As primeiras directivas comunitárias relativas a esta matéria datam de meados da

década de 70 e tinham em vista garantir a igualdade entre homens e mulheres no local de

trabalho. Com vista a efectivar este objectivo, a Comissão Europeia iniciou, em 1981, os

Programas de Acção Comunitários quinquenais, que procuravam, além de monitorizar a

aplicação das políticas instituídas, apoiar programas de investigação para o aperfeiçoamento

dessas mesmas políticas. Contudo, estes Programas de Acção tiveram, até ao início dos

anos 90, resultados muito limitados, sendo o III Programa de Acção (1991-1995) aquele

que apresentou progressos mais assinaláveis, abrindo a porta à promoção da participação

das mulheres nos processos de decision making, bem como à institucionalização de uma

política de mainstreaming em todos os domínios comunitários.

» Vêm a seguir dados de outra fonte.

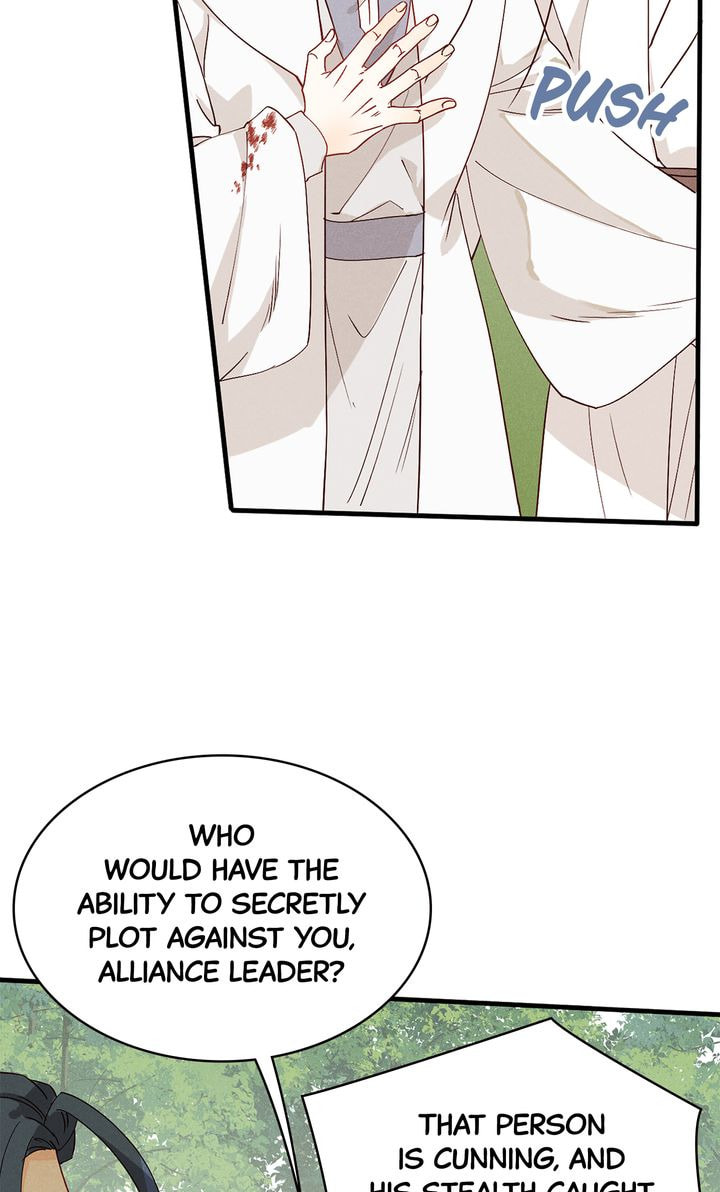 Demonic (Colored) Chapter 42 page 27 - 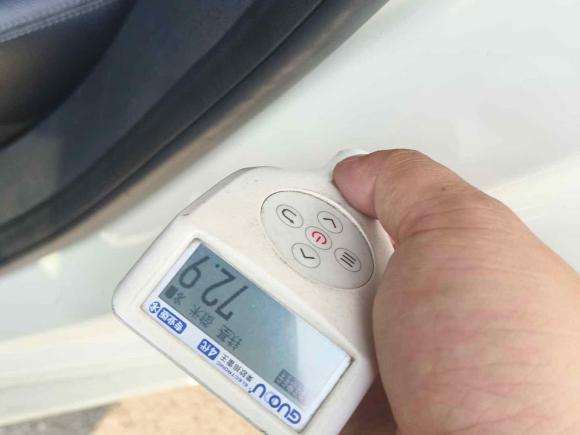 [青岛·鲁U] 二手奔驰奔驰B级2015款 B 200 时尚型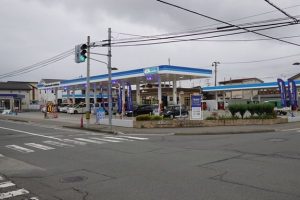 Oasis 山形店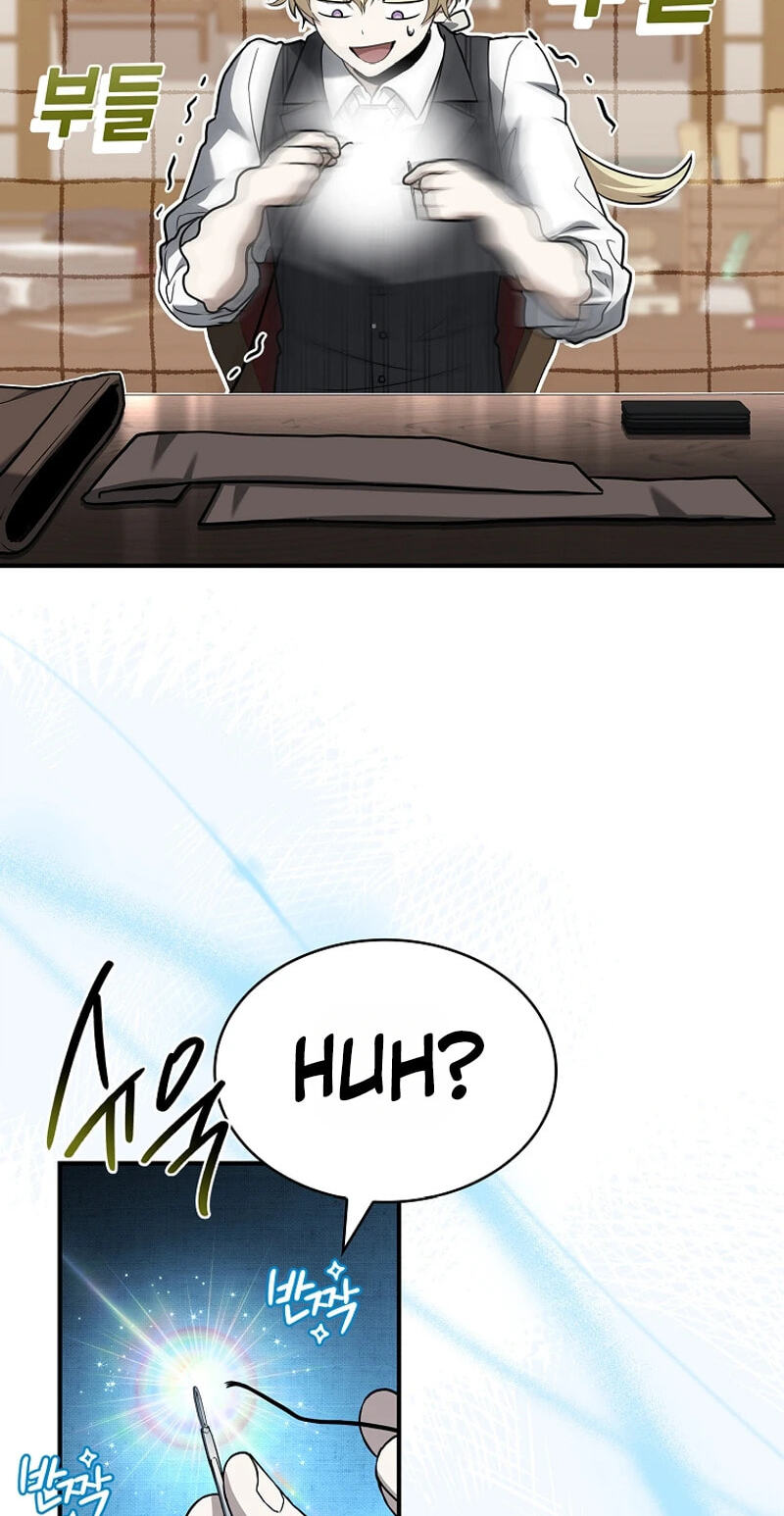 To Hell with Being Heir, I’m going to Heal Chapter 15 page 94 -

O início da década de 90 foi, na verdade, algo conturbado a nível da União

Europeia, principalmente devido às reticências de ratificação do Tratado de Maastricht

provenientes de alguns países nórdicos, e à desilusão com o projecto europeu revelada em

muitas sondagens, maioritariamente da população feminina. Só após 6 anos de pressões e

de alguns alertas provenientes nomeadamente, do Parlamento Europeu, se assistiu à

aprovação de um nova Directiva do Conselho, em 1992, relativa à melhoria da segurança e

da saúde das trabalhadoras grávidas ou lactantes no trabalho.66 Na verdade, não podemos

deixar de salientar a importância do reforço de poderes do PE pelo novo Tratado, uma vez

que esta instituição foi sempre uma das vozes mais activas na defesa das questões de

género no sistema da UE.

Foi neste mesmo ano, 1992, que o Conselho da Europa organizou, em Atenas, a

Cimeira Europeia «Mulheres e Poder» que é tida como o marco que assinala o início do

debate a nível da UE sobre o conceito de Democracia Paritária. Como já referido, foi

também por iniciativa do Conselho da Europa que este conceito fora introduzido, em

1989, mas é a partir da Declaração de Atenas que se constitui como a base de discussão

sobre a representação equilibrada de homens e mulheres nos organismos de tomada de

decisão. Este documento apoia a convicção de que uma democracia na qual as mulheres

são sub-representadas aos vários níveis da tomada de decisão política, económica ou social,

29

65 Idem, 2000, pág. 213 66 Idem, 2000, pág. 214.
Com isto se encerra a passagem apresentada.